__Directions for this task__
What is needed is an exact transcription of the listing, with the images removed.

__Provided data__
Segment Open
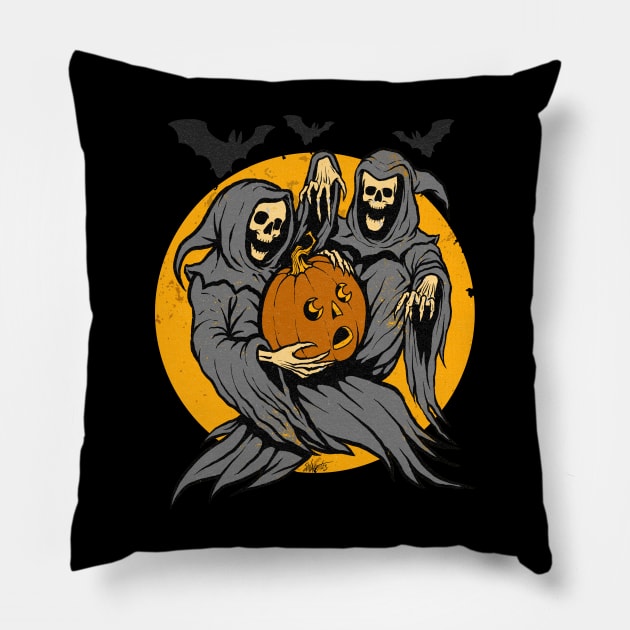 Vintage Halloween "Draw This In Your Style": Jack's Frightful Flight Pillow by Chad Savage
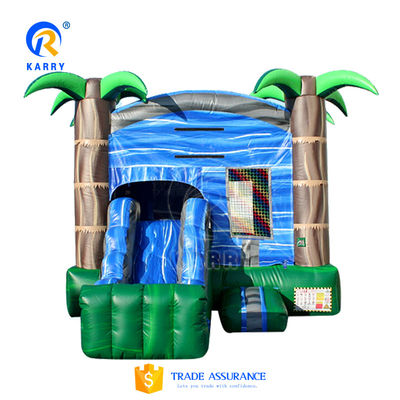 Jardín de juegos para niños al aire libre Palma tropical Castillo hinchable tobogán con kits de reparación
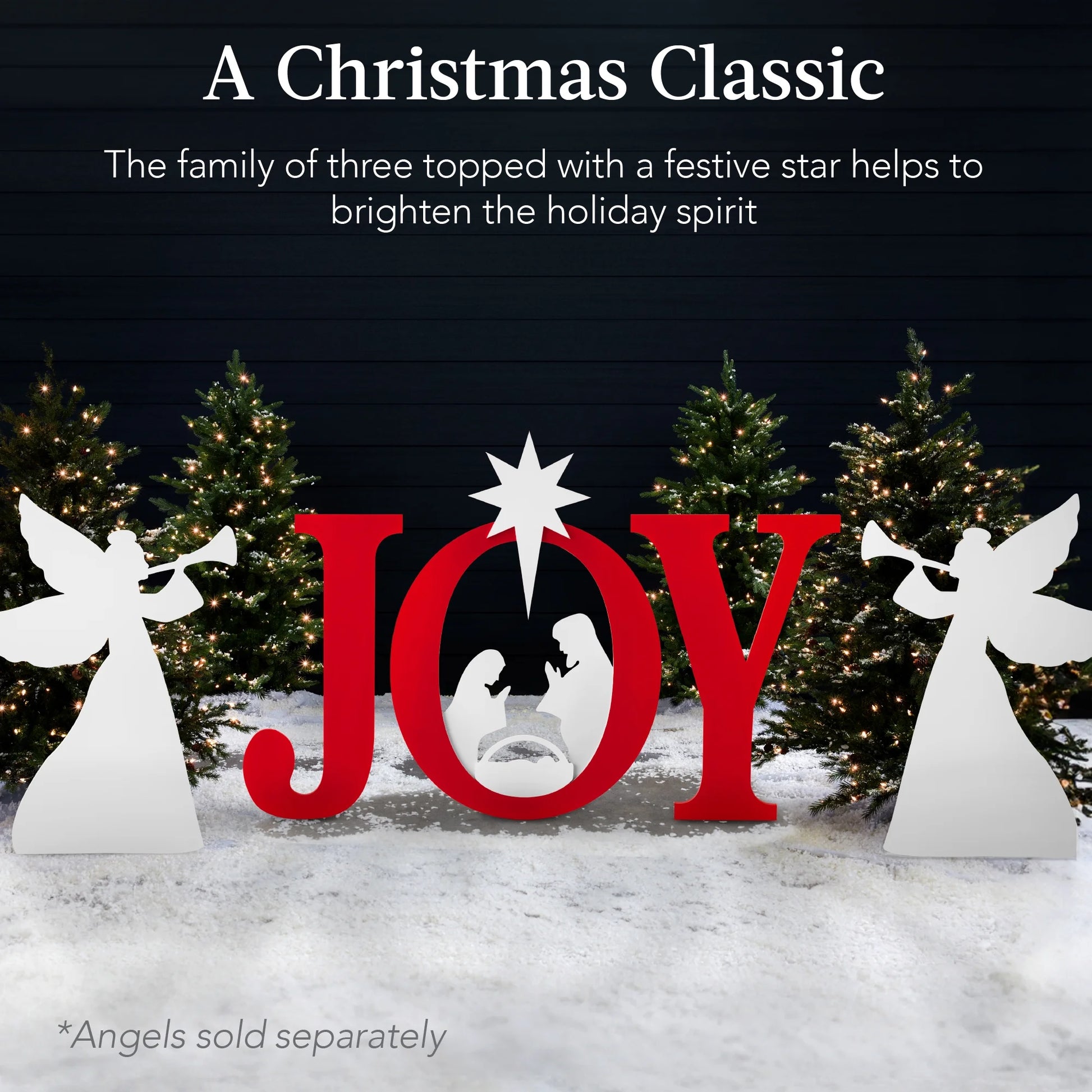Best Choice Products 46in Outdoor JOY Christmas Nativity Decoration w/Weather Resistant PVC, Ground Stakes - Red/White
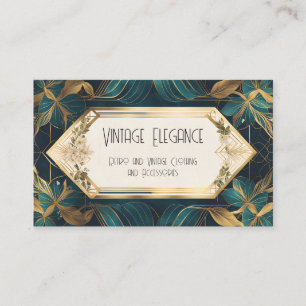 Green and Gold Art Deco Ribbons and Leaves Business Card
Segment Closed
__Task answer__
 Vintage Halloween "Draw This In Your Style": Jack's Frightful Flight Pillow by Chad Savage
 Jardín de juegos para niños al aire libre Palma tropical Castillo hinchable tobogán con kits de reparación
Best Choice Products 46in Outdoor JOY Christmas Nativity Decoration w/Weather Resistant PVC, Ground Stakes - Red/White
 Green and Gold Art Deco Ribbons and Leaves Business Card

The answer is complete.